Below are the entries to work from; restate word for word the portion that opens with the line containing "4th image of 218 PLEASANTON CIR" and closes with the line containing "2 bedroom apartment", keeping both.

### INFORMATION SHOWN
*** Block opens ***
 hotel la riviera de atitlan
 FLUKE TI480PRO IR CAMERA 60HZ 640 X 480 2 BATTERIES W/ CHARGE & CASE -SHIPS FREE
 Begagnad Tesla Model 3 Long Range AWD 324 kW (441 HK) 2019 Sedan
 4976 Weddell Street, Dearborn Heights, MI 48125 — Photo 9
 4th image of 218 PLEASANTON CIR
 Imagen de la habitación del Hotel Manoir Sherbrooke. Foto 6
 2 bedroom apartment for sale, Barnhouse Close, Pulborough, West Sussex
*** Block closes ***
*** Block opens ***
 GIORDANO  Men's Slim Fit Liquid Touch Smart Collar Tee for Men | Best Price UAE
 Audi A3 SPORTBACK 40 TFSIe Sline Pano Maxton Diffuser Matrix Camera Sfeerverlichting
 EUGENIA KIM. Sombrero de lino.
*** Block closes ***
### ANSWER FOR THIS EXERCISE
 4th image of 218 PLEASANTON CIR
 Imagen de la habitación del Hotel Manoir Sherbrooke. Foto 6
 2 bedroom apartment for sale, Barnhouse Close, Pulborough, West Sussex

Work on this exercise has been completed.